Seguendo questo modello, il metaverso dal punto di vista del marketing si potrebbe configurare come una colossale piattaforma di media franchise (metaverso è un marchio che pare essere fatto apposta per essere sfruttato per diversi prodotti e contenuti), formato da universi di contenuti narrativi, ognuno dei quali ha forme autonome di senso, con una propria estetica e narrazione.

Non mi dilungo qui sul lato tecnologico; ogni universo utilizzerà i dispositivi e le tecnologie che serviranno alle culture che lo popolano per creare i propri contenuti.

Conservando sempre al centro della nostra riflessione il contenuto, risulta evidente che il metaverso si configura come un insieme di numerose e autonome subculture che, esprimendo valori e pratiche proprie e originali, influenzano direttamente sia le tecnologie che le forme di rappresentazione, sia i mercati interni costituiti da creatori di contenuti e consumatori di contenuti/prodotti immateriali.

Photo by Melusina Parkin

Generative XR. Il nuovo paradigma del nuovo paradigma

Ma non è finita qui. Nella favola tecnologica, la frase “e tutti vissero felici e contenti” non chiude mai la narrazione. È una storia Perpetual Beta, che prevede una continua rigenerazione. E di questa rigenerazione è parte integrante l’intelligenza artificiale che porta il metaverso nella interazione con il reale a un ulteriore livello di integrazione.

Direi però che la vera novità consiste nell’evoluzione non tanto del creato, quanto del creatore. Quello che si sta rivoluzionando è proprio la figura del creativo: è lui che dalla interazione con la IA si sta evolvendo.

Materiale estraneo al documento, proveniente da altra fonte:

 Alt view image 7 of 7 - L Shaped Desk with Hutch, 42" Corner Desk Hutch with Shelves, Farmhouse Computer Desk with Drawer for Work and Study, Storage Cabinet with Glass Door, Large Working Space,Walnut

Questo precede l’evoluzione che la IA ha non solo sui modi della produzione, ma sui consumatori e i loro desideri e dunque lo sviluppo di prodotti materiali e immateriali potentemente intrecciati.

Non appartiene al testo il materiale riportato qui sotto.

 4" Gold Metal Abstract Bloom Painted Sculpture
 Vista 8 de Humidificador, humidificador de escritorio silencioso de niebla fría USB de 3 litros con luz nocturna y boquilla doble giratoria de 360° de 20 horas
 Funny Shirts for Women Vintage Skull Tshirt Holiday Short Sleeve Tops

Non so cosa comporterà, non esprimo giudizi, ma certo se già è necessario sfrondare la discussione sul mercato del metaverso da rappresentazioni favolistiche dettate dalla scarsissima frequentazione degli addetti ai lavori della realtà irreale, è ancora più necessario con il nuovo paradigma IA generativo seguire un principio di realtà.

Già oggi parole feticcio come “immersività”, “esperienza” fanno sfracelli, a mio parere.

La cautela è necessaria, ma non la prudenza. In questo mare, per imparare a nuotare ci si deve buttare.

Quello che però possiamo rilevare è come l’emersione di aspetti culturali ed estetici innovativi stiano influenzando la produzione di creatività (e dunque di merci e prodotti immateriali), portandoci a riflettere sul passaggio alla creazione di prodotti immateriali ridefiniti dalla AI.